The Analog Anthology #2
- Cover of first edition
- Author: edited by Stanley Schmidt
- Language: English
- Series: Analog anthologies
- Genre: Science fiction short stories
- Publisher: Davis Publications
- Publication date: 1982
- Media type: Print (paperback)
- Pages: 284 pp.
- Preceded by: The Analog Anthology #1
- Followed by: Analog's Children of the Future

= The Analog Anthology 2 =

The Analog Anthology #2: Readers' Choice is an anthology of science fiction stories and articles drawn from Analog magazine, edited by then-current Analog editor Stanley Schmidt.
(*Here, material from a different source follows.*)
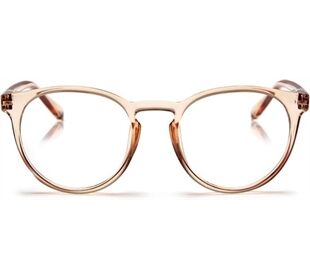 looplabb PAPILLON LL16D +2.00 crystal champagne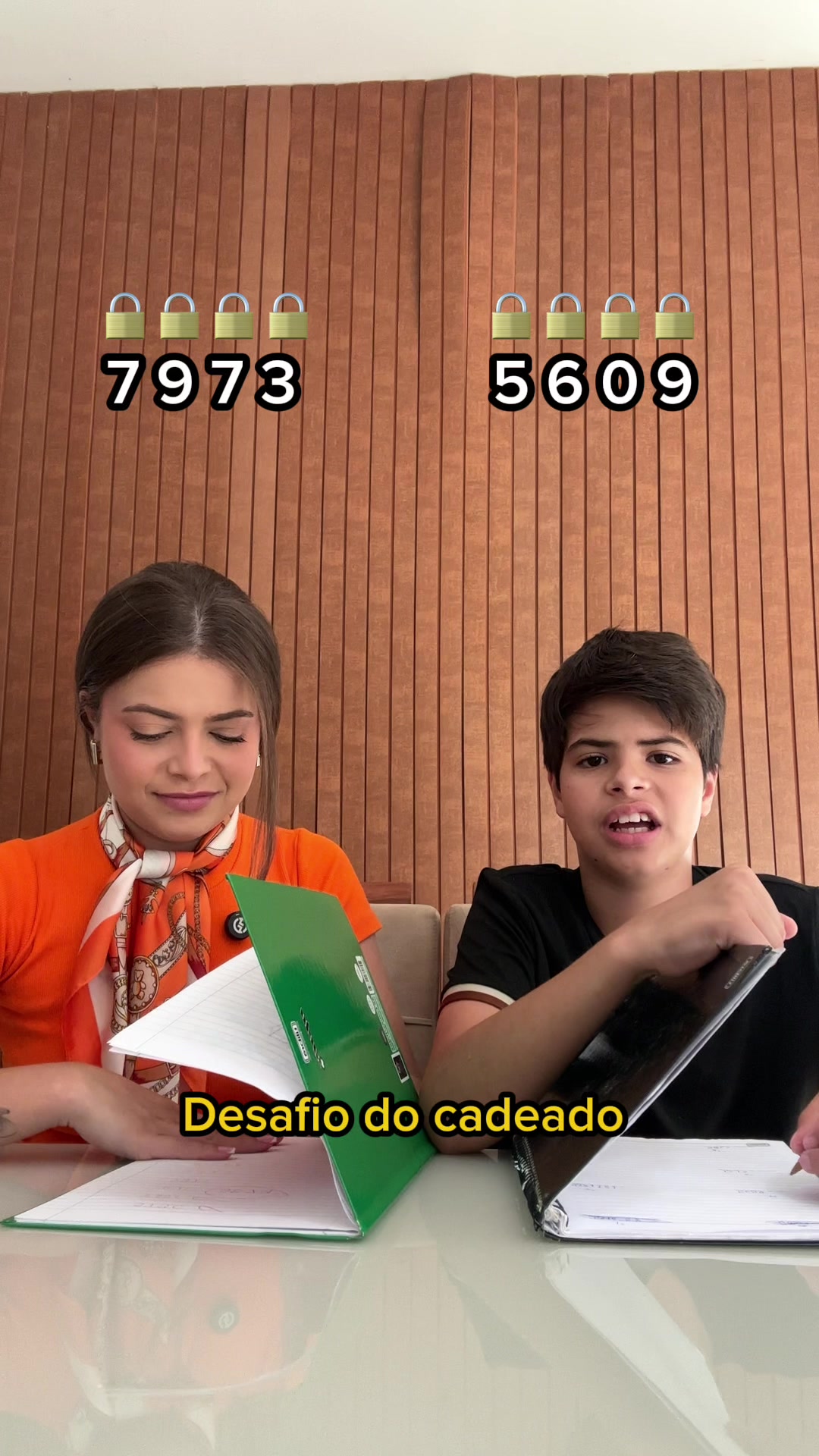 @Meninadamanga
It was first published in paperback by Davis Publications in January 1982, and reprinted later the same year under the alternate title Analog: Readers' Choice. A hardcover edition was issued by The Dial Press under the alternate title in March 1982.

The book collects eleven short pieces first published in Analog and its predecessor title Astounding, together with an introduction by Schmidt.

==Contents==
- "Introduction" (Stanley Schmidt)
- "Old Faithful" (Raymond Z. Gallun)
- "Helen O'Loy" (Lester del Rey)
- "Requiem" (Robert A. Heinlein)
- "Some Curious Effects of Time Travel" (L. Sprague de Camp)
- "The Cold Equations" (Tom Godwin)
- "Plus X" (Eric Frank Russell)
- "The Big Front Yard" (Clifford D. Simak)
- "What Do You Mean ... Human?" [editorial] (John W. Campbell, Jr.)